Anyone with knowledge of firearms could probably make more money working as a hit
man for organized crime. But economics does not urge you toward such choices.
What lofty talk about “non-economic values” usually boils down to is that some people
do not want their particular values weighed against anything. If they are for saving Mono
Lake or preserving some historic building, then they do not want that weighed against the
cost – which is to say, ultimately, against all the other things that might be done instead
with the same resources. For instance, how many Third World children could be
vaccinated against fatal diseases with the money that is spent saving Mono Lake or
preserving a historic building? We should vaccinate those children and save Mono Lake
and preserve the historic building—as well as doing innumerable other good things,
according to this way of looking at the world.
Just another reminder that economics is the study of the use of scarce resources that have
alternatives.
Even if we refuse to make a choice, circumstances will make choices for us, as we run
out of many important things that we could have had, if only we had taken the trouble to
weigh alternatives.
Saving Lives
Few things have saved as many lives as the simple growth of wealth. An earthquake
powerful enough to kill a dozen people in California will kill hundreds of people in some
less affluent country and thousands in a Third World nation. Greater wealth enables
California buildings, bridges, and other structures to be built to withstand far greater
stresses than similar structures can withstand in poorer countries. Those injured in an
earthquake in California can be rushed more quickly to far more elaborately equipped
hospitals with larger numbers of more highly trained medical personnel.
This is just one of innumerable ways in which wealth saves lives.
The Market
What distinguishes “the market” as economists use the term are (1) individual free choice
and (2) the guidance provided by prices which result from millions of people interacting
with one another as they exercise that free choice. To say “the market decides” is only to
say that these millions of people decide.
It is people making their own choices.
Unmet Needs
If economics is the study of the use of scarce resources which have alternative uses, then
it follows that there will always be unmet needs.
Merely demonstrating an unmet need is not sufficient to say that it should be met—not
when resources are scarce and have alternative uses.
By its very nature, as a study of the use of scarce resources that have alternative uses,
economics is about incremental trade-offs—not about “needs” or “solutions.”
Whatever the merits or demerits of various political proposal, what must be kept in mind when evaluating them is that the good fortunes and misfortunes of different sectors of the economy may be closely related as cause and effect - and that preventing bad effects may prevent good effects.

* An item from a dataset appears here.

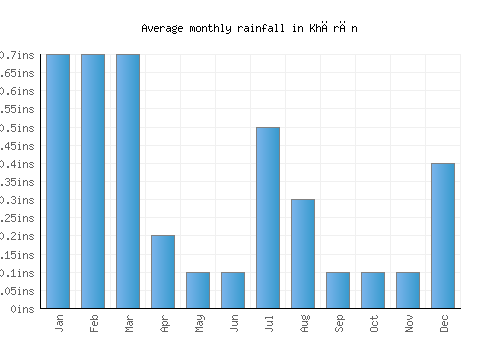 Khārān monthly rainfall chart (inches)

It was not accidental that Smith Corona was losing millions of dollars on its typewriters while Dell was making millions on its computers. It was not accidental that Safeway surged to the top of the grocery business while A&P fell from its peak to virtual oblivion. The efficient allocation of scarce resources, which have alternative uses, means that some must lose their ability to use those resources in order that others can gain the ability to use them Typewriters were no longer what the public wanted after they had the option to achieve the same end result and more with computers. Scarcity implies that resources must be taken from some places, in order to go to other places.